Un système d’auto-partage qui ne se limite d’ailleurs pas à un usage professionnel mais s’étend aussi à l’usage privé des collaborateurs. Les salariés peuvent louer les voitures pour se déplacer en week-end ou en soirée. « Les véhicules en auto-partage sont venus couvrir les besoins des utilisateurs et de ceux qui n’avaient pas de voiture. Ce sont principalement les jeunes salariés qui en sont utilisateurs : parce qu’ils n’ont pas de véhicules de service et parce qu’ils emploient les voitures en auto-partage également pour leurs trajets personnels le week-end », observe Anna Le Rest, ingénieur conseil marchés énergies et chef de projets offres innovantes pour Vinci Facilities. Pour l’auto-partage, le spécialiste du FM fait appel à l’offre de Carbox. À noter que cet usage personnel de l’auto-partage peut aussi contribuer à rentabiliser le service, au moins partiellement.
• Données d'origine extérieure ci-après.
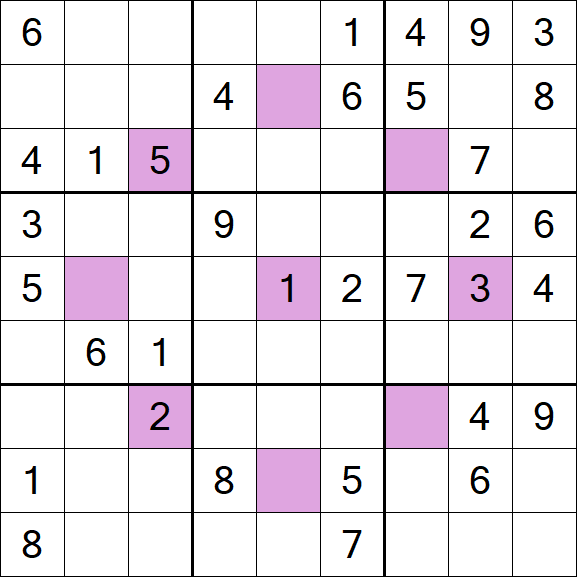 Asterisk Sudoku - Médio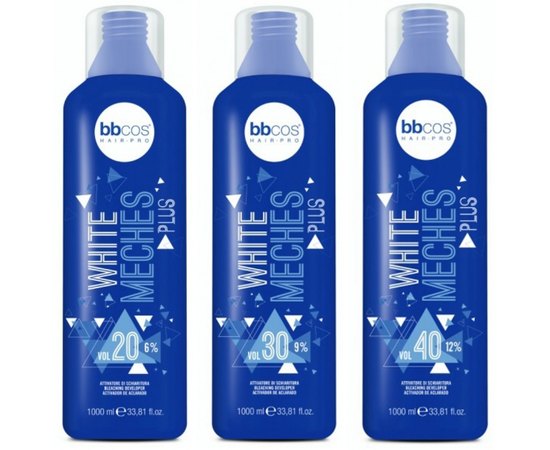 Окислитель с фиолетовым пигментом BBcos Activator White Meches Plus.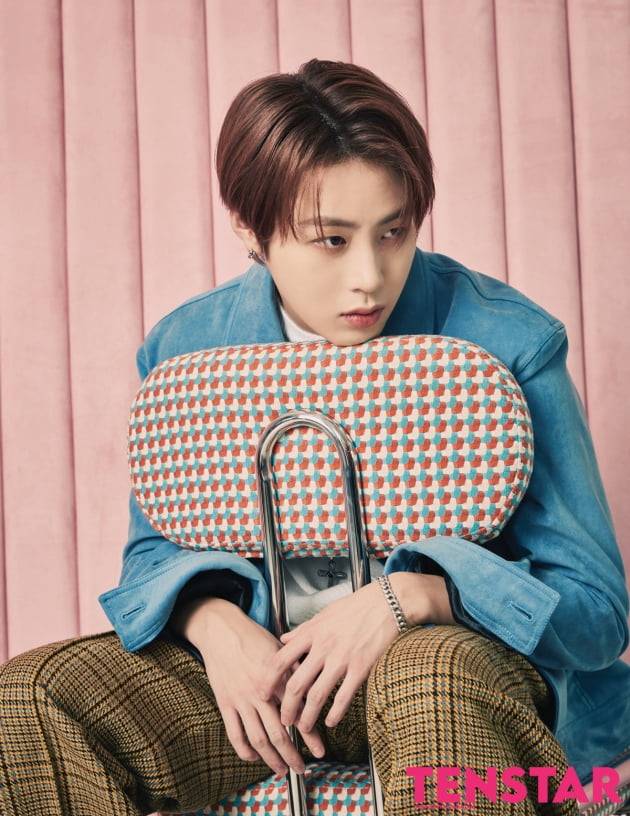 하성운 화보./ 사진제공=텐스타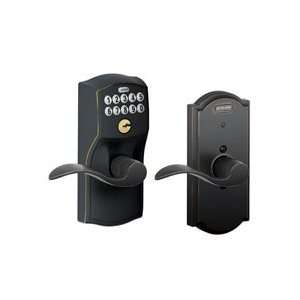   Camelot Built in Alarm Keypad Lock with Accent Lever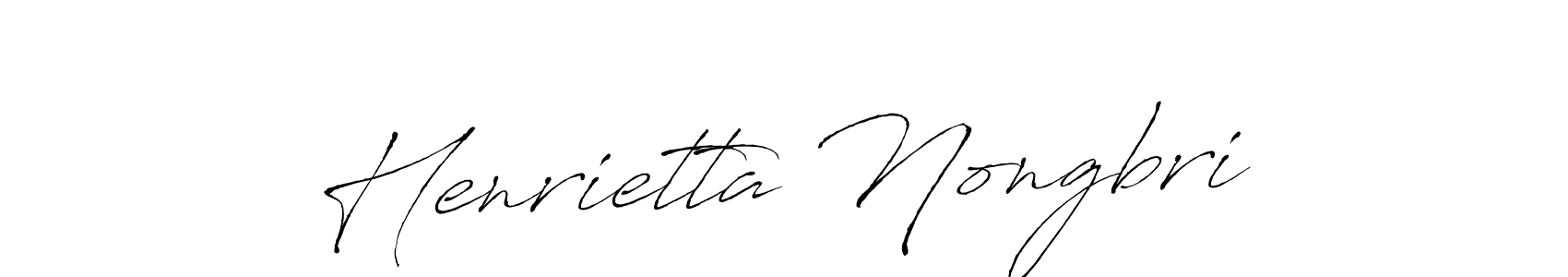 Make a beautiful signature design for name Henrietta Nongbri. Use this online signature maker to create a handwritten signature for free. Henrietta Nongbri signature style 6 images and pictures png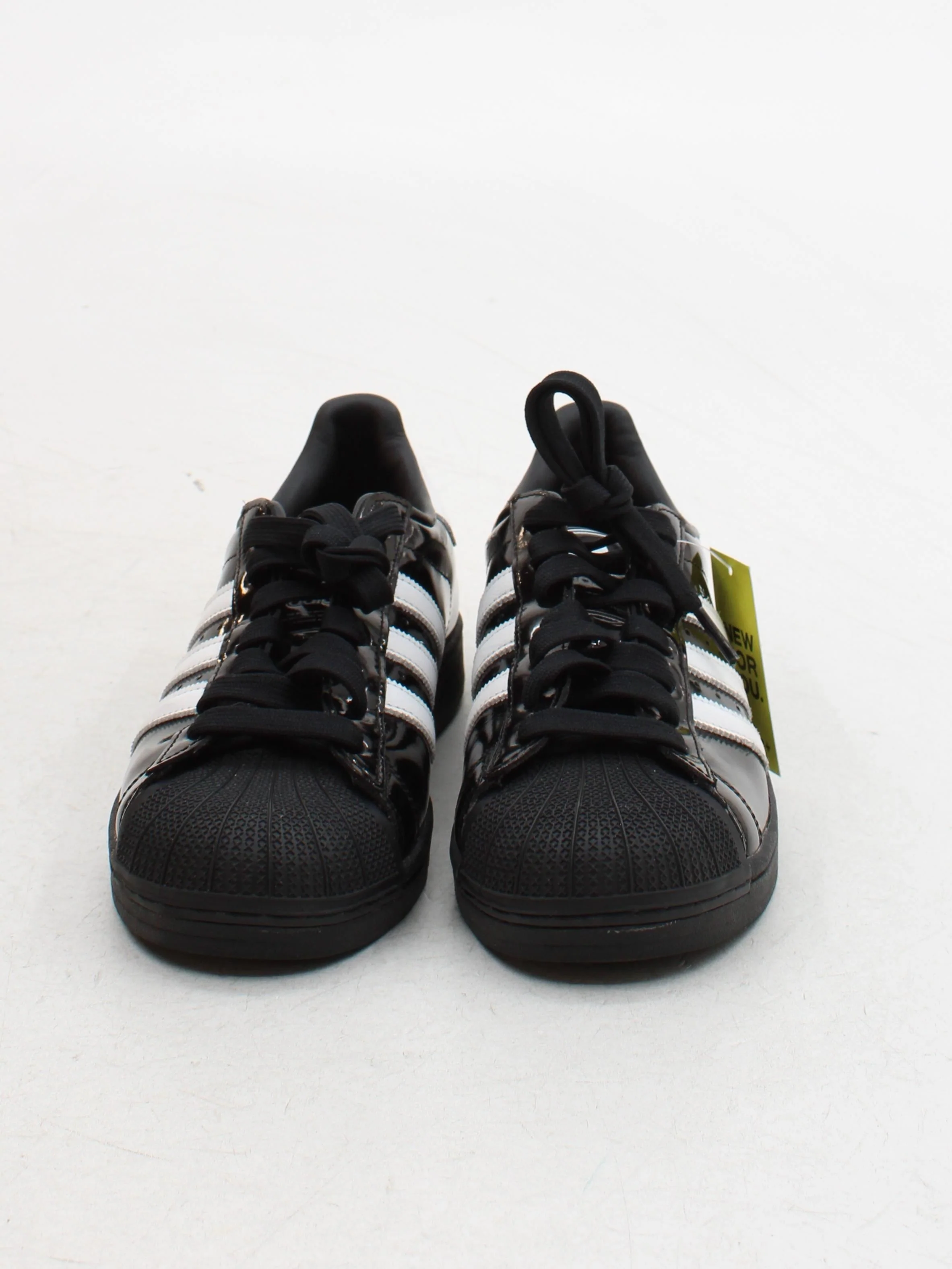 Adidas Superstar Women's Trainers null UK8.5 in Black - Image 2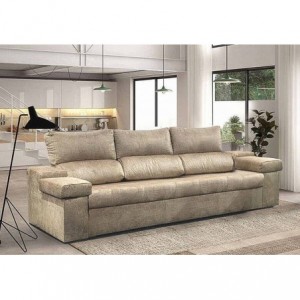 Sofá 3 Lugares c/ Cama Amazônia (2400x112cm)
Étendre l’auto-partage à l’usage personnel des véhicules
« Chaque utilisateur bénéficie d’une enveloppe budgétaire à partir de laquelle Carbox impute les sommes effectivement dépensées au titre de ses déplacements personnels », avance Benoît Chatelier. Un bénéfice supplémentaire pour les entreprises qui peuvent réduire, grâce à l’auto-partage, la taille de leur flotte de véhicules de service de l’ordre de 30 à 40 %, estime le responsable. Ce mode d’organisation a aussi des conséquences sur le budget taxis, en recul de 30 %, alors que le prix par kilomètre d’une voiture en auto-partage revient à « environ 0,50 euro/km contre 2 euros/km pour un taxi », note le représentant de Carbox.
Reste que l’offre d’auto-partage ne peut se substituer intégralement aux taxis. Puisqu’ils doivent revenir systématiquement au sein du pool de l’entreprise, les véhicules en auto-partage ne peuvent assurer des trajets courants, comme ceux vers les aéroports. Si certains voient une limite dans cette contrainte du retour au point de départ, d’autres y voient une opportunité de reconsidérer le rôle de la voiture dans l’entreprise… et d’étoffer l’offre de services.
Ainsi, Carbox propose depuis le début de l’année une prestation de « crédit mobilité » pour la prise en charge de ces trajets « complémentaires » à l’usage de la flotte en auto-partage. Une offre qui ouvre aux salariés un budget pour des véhicules en LCD, des trajets en taxi, train ou avion selon leurs besoins.
Chez Carbox, ce retour systématique au lieu de départ constitue une opportunité pour élargir l’accès à la voiture aux salariés mais aussi pour intégrer des modèles électriques. « L’électrique peut contribuer à la multiplication des services en auto-partage, avance Didier Blocus, responsable d’ALD sharing et du développement des véhicules électriques d’ALD Automotive. Ces voitures sont employées pour des trajets courts, avec des retours sur site pour recharger », complète-t-il.
Le véhicule électrique a sa place dans l’auto-partage
ALD sharing a lancé son service d’auto-partage fin 2010 avec une première flotte pour le personnel de la Société Générale, maison-mère d’ALD, avec cinq véhicules dont un électrique à La Défense. Plus récemment, en août 2011, ALD sharing a mis en place plusieurs modèles électriques pour le siège de Bosch.
Si l’intégration de ces véhicules peut limiter de fait la consommation de carburant et abaisser les émissions de CO2, elle expose néanmoins l’entreprise ou la collectivité à la prise en charge du coût des infrastructures. « Avant l’intégration des véhicules électriques, nous proposons à nos clients une étude complète de leurs besoins, des conseils sur les infrastructures de chargement et le coût énergétique », avertit Didier Blocus. Thermique ou électrique, l’auto-partage peut générer des économies, à condition de bien y réfléchir en amont.